Obama and Pentagon prepare to spend more on counterinsurgency preparation

The following notes are based on highlights of an article article by Michael T. Klare that appear in the April 26th issue of The Nation magazine. The title of the article is "Two, Three, Many Afghanistans." The complete article is available at: http://www.thenation.com/doc/20100426/Klare

The chief point of Klare’s article is that “Obama's Pentagon is preparing for a number of counterinsurgencies in the developing world,” all related to terrorism, failing states, rogue states, the spread of weapons of mass destruction, or other national-defense-sounding rationales. We gotta get them before they get us. Klare writes there are many similarities in the Obama plan to the counter-insurgency program that emerged back in the early 1960s under President Kennedy’s administration, when Kennedy “authorized a vast expansion of Special Forces” while continuing the expenditures on conventional and nuclear warfare.

Obama is interested in the same kind of military expansion.
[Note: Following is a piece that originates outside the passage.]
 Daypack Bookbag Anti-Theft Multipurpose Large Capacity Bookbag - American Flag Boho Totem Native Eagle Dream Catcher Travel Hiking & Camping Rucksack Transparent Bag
Klare quotes from a speech given by President Obama on “violent extremism,” in which Obama said: “Unlike the great power conflicts and clear lines of division that defined the twentieth century, our effort will involve disorderly regions, failed states, diffuse enemies….(consequently) we’ll have to be nimble and precise in our use of military power.” The Obama counterinsurgency policy will be used to keep Al Qaeda and other groups assumed connected to it from establishing a foothold anywhere in the world of developing countries.

Obama's counterinsurgency doctrine was, Klare writes, “first enunciated in a series of speeches by Obama and Gates [Secretary of Defense], and has been given formal character in the Quadrennial Defense Review, the Pentagon’s Congressionally mandated overhaul of strategy,” released on the first of February. The QDR reaffirms the idea of America “as [being] a global power with global responsibilities.” However, there are changes in the current international situation, with the growth of “non-state actors, the spread of weapons of mass destruction and other destructive enabling technologies.” Therefore, according to the QDR, US forces must be able to respond to “the full range of challenges that could emerge from a complex and dynamic security environment.” This is a rationale for endless wars, in which the government, especially the Pentagon and its congressional and industry supporters, can identify enemies in any number of places that are perceived as a danger to our national security.
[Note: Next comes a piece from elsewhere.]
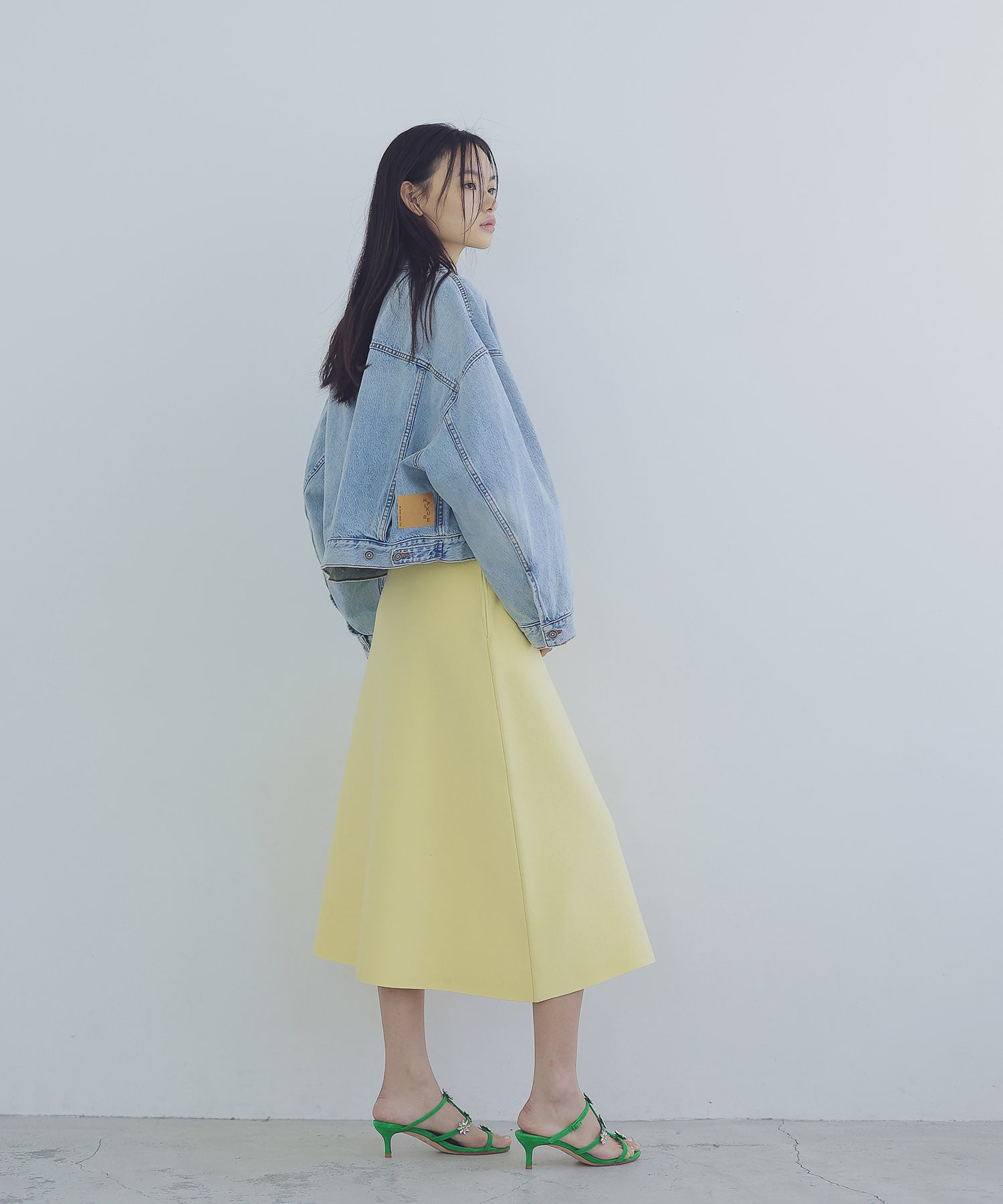 ＜VENIT＞cotton silk linen zip skirt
US forces must “be equipped for counterinsurgency-type operations: helicopters, small arms, body armor, night-vision devices, mine-resistant vehicles, aerial gunships, surveillance drones and the like.” More revenues for Special Forces. More revenues for our partners “to strengthen their capacity for internal security.” The US has already exported this model to other areas, “supporting counterinsurgency operations in Columbia, the Philippines, and Yemen, among other countries.”

“The greatest risk,” Klare emphasizes, “is that the military will become bogged down in a constellation of grueling, low-level wars.” At the same time, the policy also wants more funding for conventional high-intensity warfare (e.g., big ships, big planes, submarines, large conventional armies, etc) “thereby producing ever-increasing military budgets, a growing national deficit and persistent economic paralysis.” The wars in Iraq and Afghanistan already demonstrate how costly and counterproductive war can be, whatever its guise.

What Klare does not emphasize in this article, but does document in his books and other writing, is that the real challenge for the US comes from a world in which there are increasingly not enough resources to go round. Military force will not help us resolve this basic fact, but only exacerbate it. We need different economic policies than we have, ones that encourage cooperation, equity, and an economic model that is consistent with the earth. In the meantime, we do the opposite, with military interventions in the forefront.